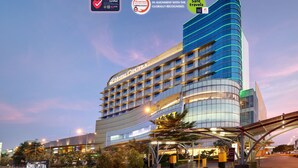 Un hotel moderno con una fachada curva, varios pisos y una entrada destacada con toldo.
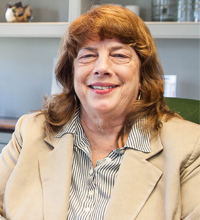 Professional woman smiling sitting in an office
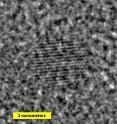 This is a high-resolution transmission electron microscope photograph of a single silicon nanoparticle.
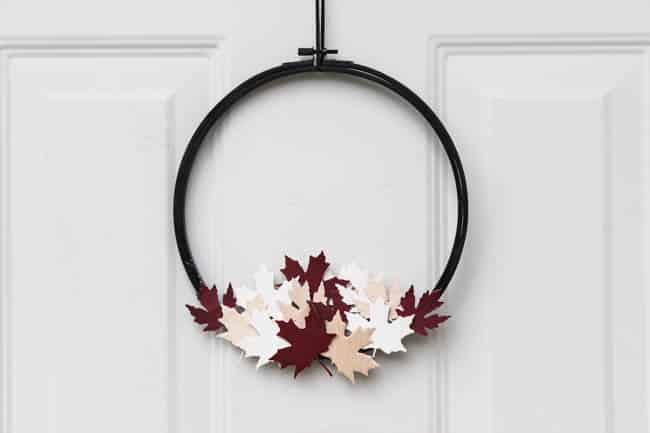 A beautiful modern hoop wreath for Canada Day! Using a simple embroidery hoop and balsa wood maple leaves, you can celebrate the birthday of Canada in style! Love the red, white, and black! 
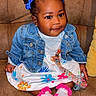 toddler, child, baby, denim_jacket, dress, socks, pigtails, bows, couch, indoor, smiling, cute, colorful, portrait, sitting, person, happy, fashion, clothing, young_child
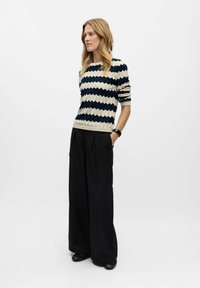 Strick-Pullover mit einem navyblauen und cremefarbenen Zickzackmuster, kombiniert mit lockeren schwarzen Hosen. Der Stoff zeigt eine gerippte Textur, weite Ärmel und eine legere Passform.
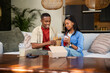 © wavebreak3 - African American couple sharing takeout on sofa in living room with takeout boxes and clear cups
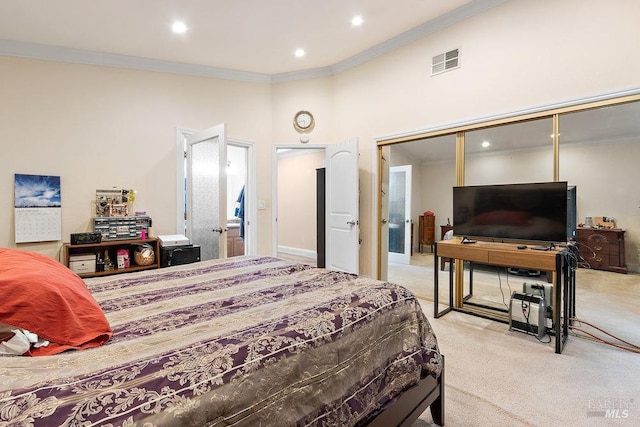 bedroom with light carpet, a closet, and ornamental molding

# # #

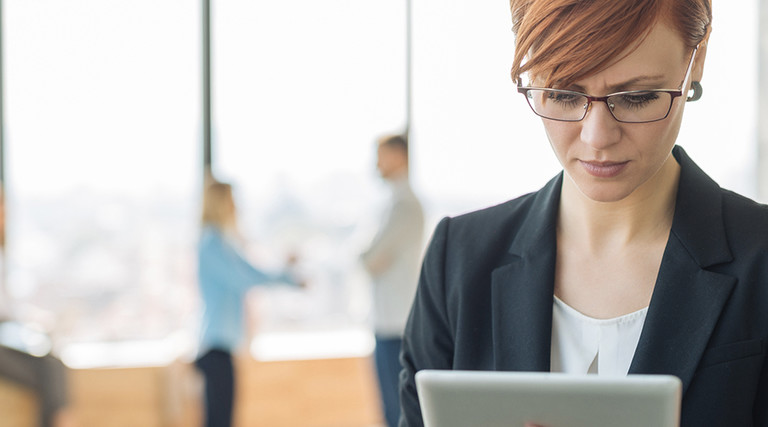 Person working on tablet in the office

# # #

## Work instructions
For this task, return exactly the stretch of the listing above from the line with "A beautiful modern" through the line with "bedroom with light", inclusive and without pictures.

## Exercise response
 A beautiful modern hoop wreath for Canada Day! Using a simple embroidery hoop and balsa wood maple leaves, you can celebrate the birthday of Canada in style! Love the red, white, and black! 
 toddler, child, baby, denim_jacket, dress, socks, pigtails, bows, couch, indoor, smiling, cute, colorful, portrait, sitting, person, happy, fashion, clothing, young_child
 Strick-Pullover mit einem navyblauen und cremefarbenen Zickzackmuster, kombiniert mit lockeren schwarzen Hosen. Der Stoff zeigt eine gerippte Textur, weite Ärmel und eine legere Passform.
 © wavebreak3 - African American couple sharing takeout on sofa in living room with takeout boxes and clear cups
 bedroom with light carpet, a closet, and ornamental molding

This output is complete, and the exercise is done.